__Given information__
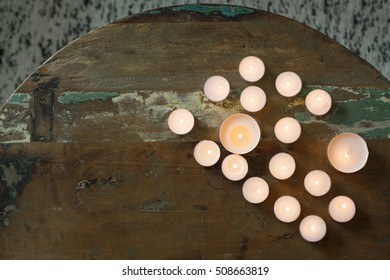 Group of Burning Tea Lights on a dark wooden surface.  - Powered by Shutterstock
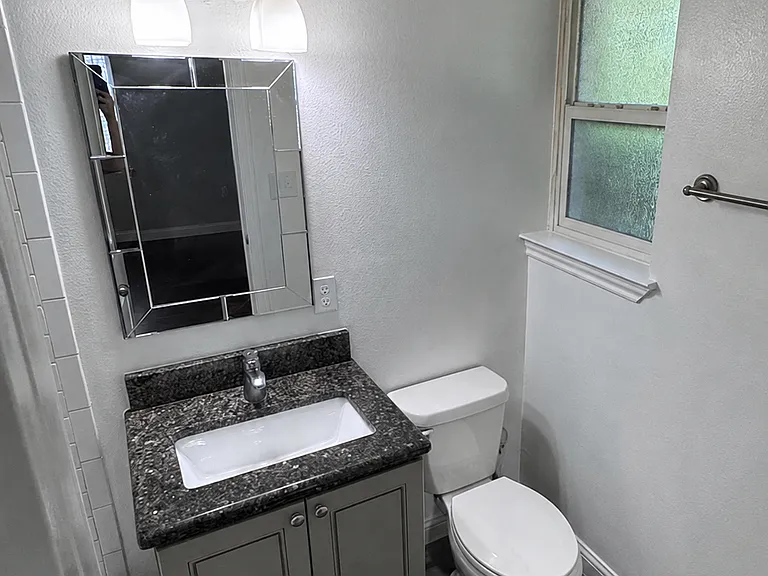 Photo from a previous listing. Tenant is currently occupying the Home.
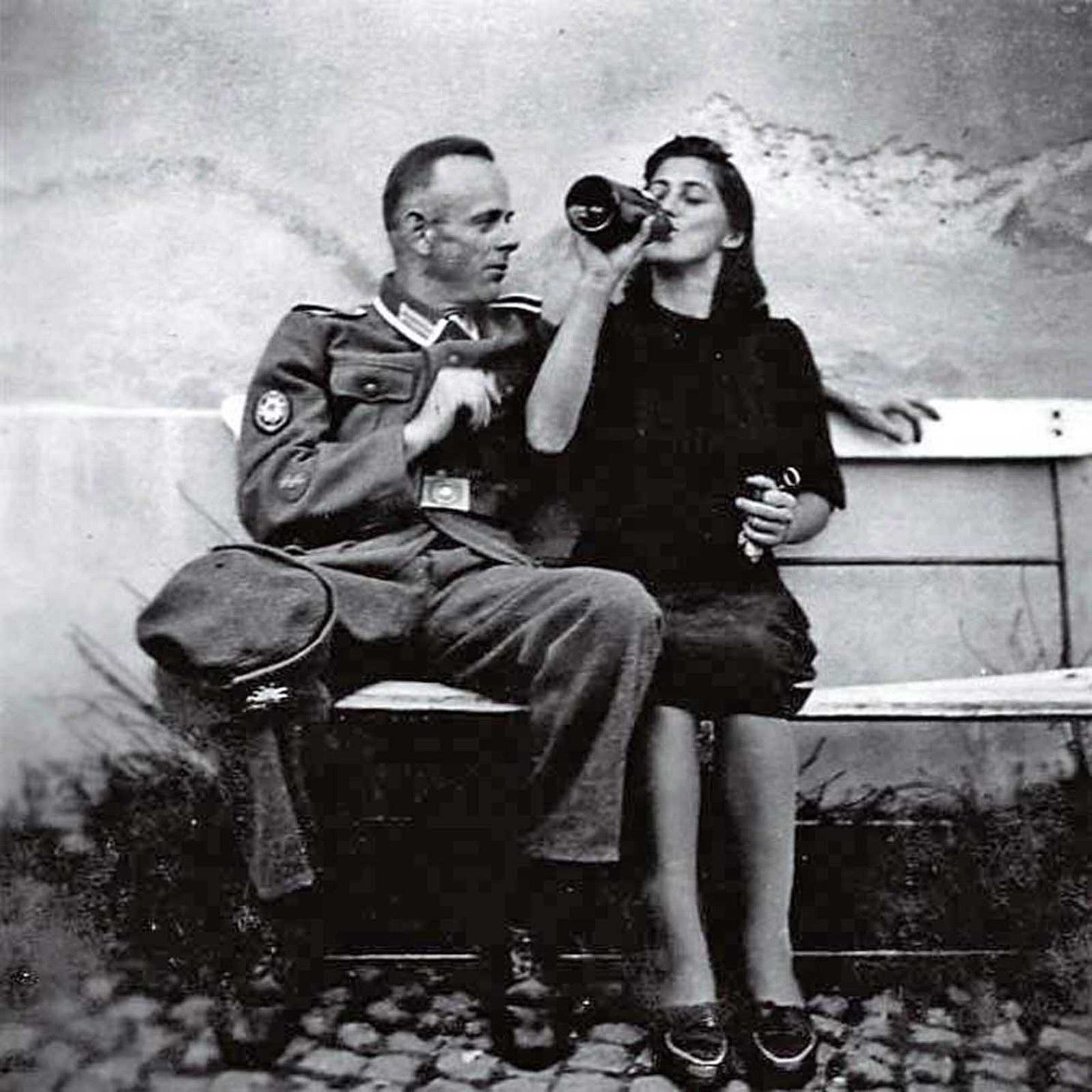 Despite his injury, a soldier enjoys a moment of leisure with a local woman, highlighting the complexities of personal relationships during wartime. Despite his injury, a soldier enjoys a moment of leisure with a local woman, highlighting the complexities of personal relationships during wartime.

__Your goal__
Output the listing exactly. Leave out any image.

__Written answer__
 Group of Burning Tea Lights on a dark wooden surface.  - Powered by Shutterstock
 Photo from a previous listing. Tenant is currently occupying the Home.
 Despite his injury, a soldier enjoys a moment of leisure with a local woman, highlighting the complexities of personal relationships during wartime. Despite his injury, a soldier enjoys a moment of leisure with a local woman, highlighting the complexities of personal relationships during wartime.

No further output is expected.